Full service stations have a bigger bill, but with only slightly greater
reach.  They do, however, enjoy must carry/retransmission consent.  The
plants can cost many hundreds of thousands of dollars (the systems are very
redundant) and, with UHF, have monthly power bills in the tens of thousands
of dollars.

Even with very low cost Wi-Fi equipment, to replicate my former LPTV's
service area with WiFi -- assuming that can be done -- would involve
thousands of meshed Wi-Fi transceivers.  The electricity bill would also be
higher.  And, to use Craig's favorite metric -- spectrum efficiency -- well,
it would involve much more than 6 mhz to make it all work.  That is, if it
all worked.

It would be hard to replicate broadcast service area because the Wi-Fi
signals only travel a few hundred feet -- if that.  We had viewers 30 miles
away, with many areas between them and my transmitter where there were no
homes, businesses, or even telephones per square mile.

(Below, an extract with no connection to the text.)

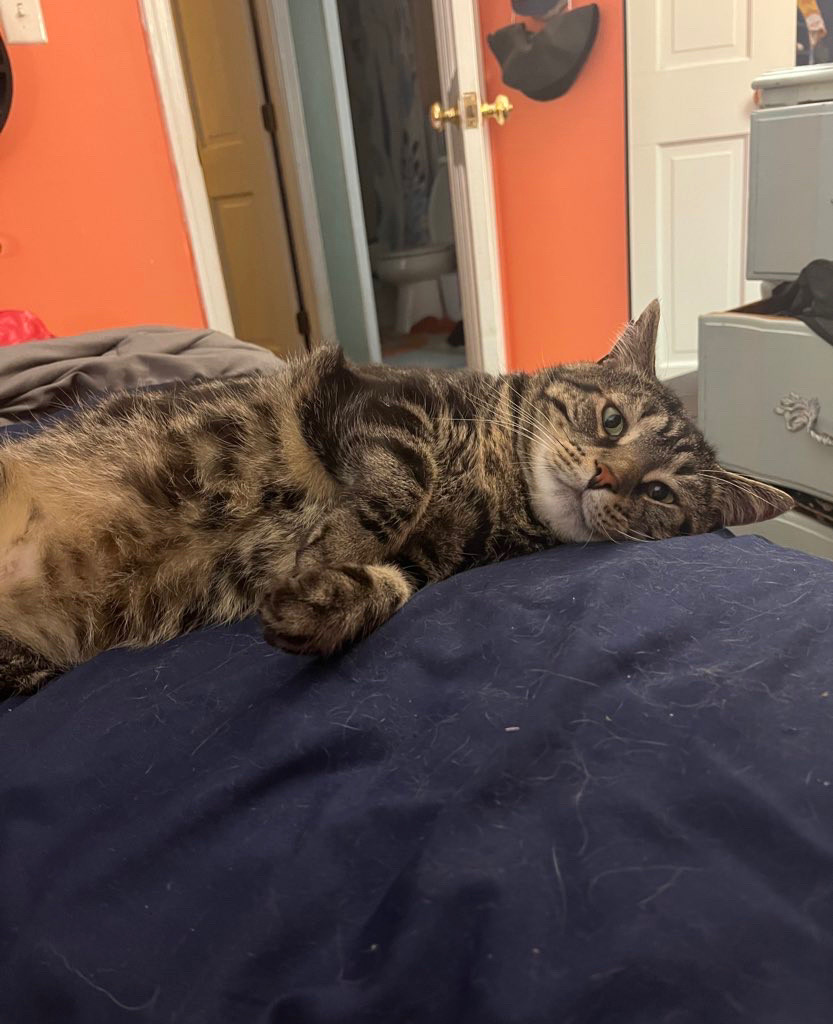 Fishtopher, a brown and black striped tabby cat, laying on his side, exposing his light brown belly. He lays very casually, with his front paws tucked slightly in front of him. He looks at the camera with a friendly expression.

So, WiFi replicating in any sense broadcasting is very similar to the "low
power FM" business and mess.

Think about the business aspects:  what content would you show?  Nobody in
that field is likely to be able to pay for licensed content, and a
distributor would have to be VERY desperate to offer their bartered content
to such a technically shaky operation.

Model releases, ASCAP/BMI license fees and even business licenses would be
involved before such a jury-rigged operation could even consider being a
business.  Would each meshed transciever need a business license?  In some
municipalities, they would.  In many cities, it's next to impossible to get
a business license to do business in your home, even as a freelance writer.
(Look at LA's situation.)

So, assuming such a system was put in place.  What content would be aired?

Home movies and porn.  Maybe even live, interactive porn, which has no other
multicast scheme to reach homes.  Perhaps even illegal porn.